I'm feeling tired of marching down the steps to the dungeons of Hayden and constantly going through the routine of finding a somewhat clean desk, a chair that fits my butt just right (hint: none of them) and a working outlet. Then after perhaps another successful (or usually unsuccessful) night of studying, I gather my things and walk on home. One night, from the corner of my eye, I spotted a number of people having a good time in the middle of the night, practicing a dance. Don’t these people have things to study for?

It’s funny how witnessing a simple moment like this brings me down to humility, reminding me that there really is nothing out there in this world quite like college. When I have that degree and am exiled from campus, I'll find out for sure that there is nothing as simple or random as this.

I'll wake up every day, fight rush hour, work, rush hour again, happy hour, then sleep. Repeat.
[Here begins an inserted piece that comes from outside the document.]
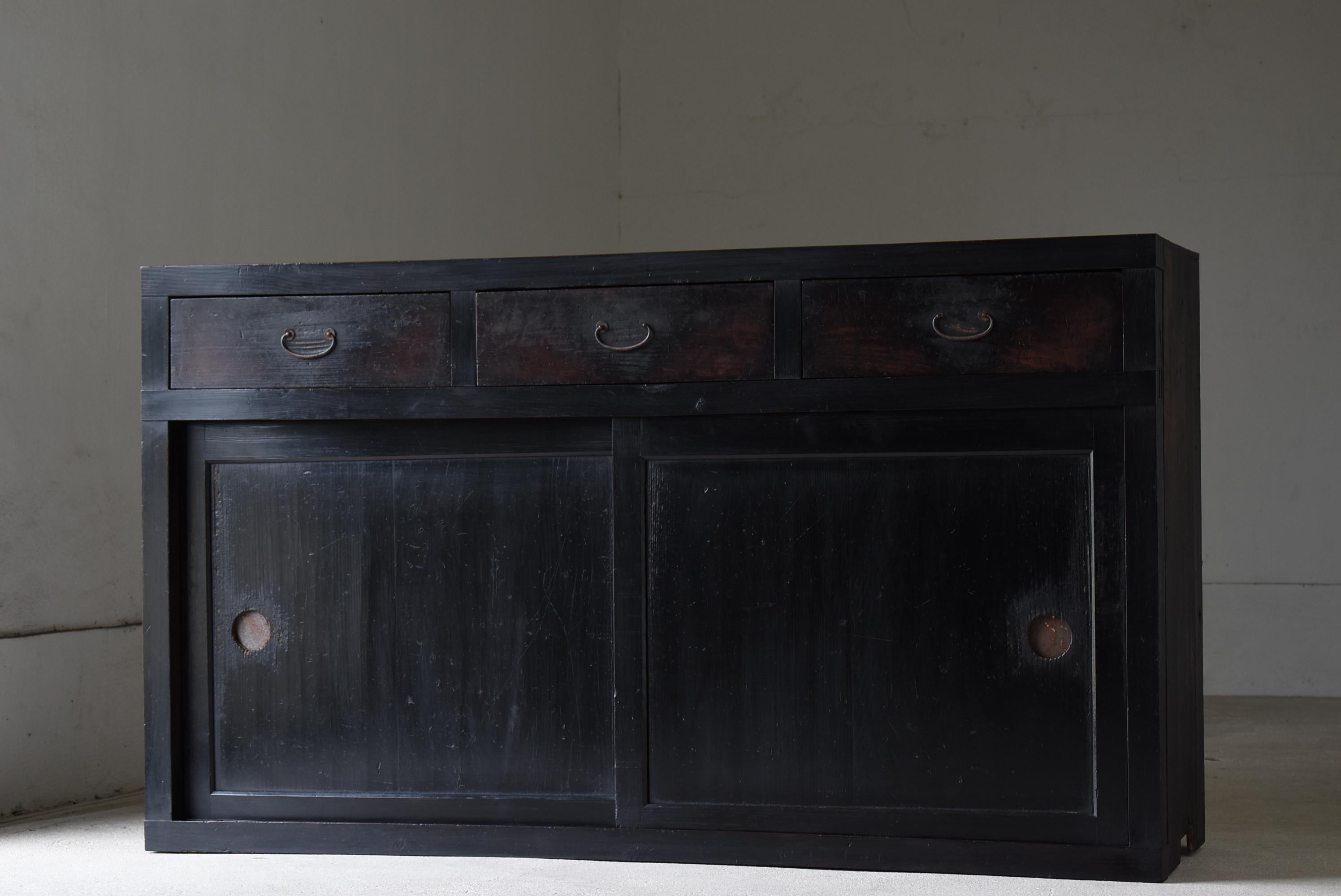 Dies ist ein altes, großes Sideboard aus Japan.
Die Möbel stammen aus der Meiji-Zeit (1860-1900) und sind durchgehend tiefschwarz lackiert, was ihnen ein stattliches Aussehen verleiht.
Das verwendete MATERIAL ist Zedernholz. Die Schubladengriffe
That’s how I imagine “the life” for me. I'll go from these four years of college to the reward of living a monotonous life.

I hear sometimes from my friends that they always wished they could return to the simpler times of high school. Old people were always telling us that either high school or college would be "the best times of my life.”

I've realized that I regret these stressful times, which shouldn’t overshadow the rest of the experience.

The camaraderie of a 3 a.m. study group session and then heading to IHOP afterwards, riding around campus on a skateboard to cool off stress and my short time writing for The State Press — each of these moments are exceedingly better than my worst moments in college.

It’s not May 2015 yet. My day will come where I’ll walk up the aisle, shake the dean’s hand and move on to the next chapter of my life. But until then, there are still plenty of moments to experience, plenty of coffee to abusively ingest and plenty more exams this week.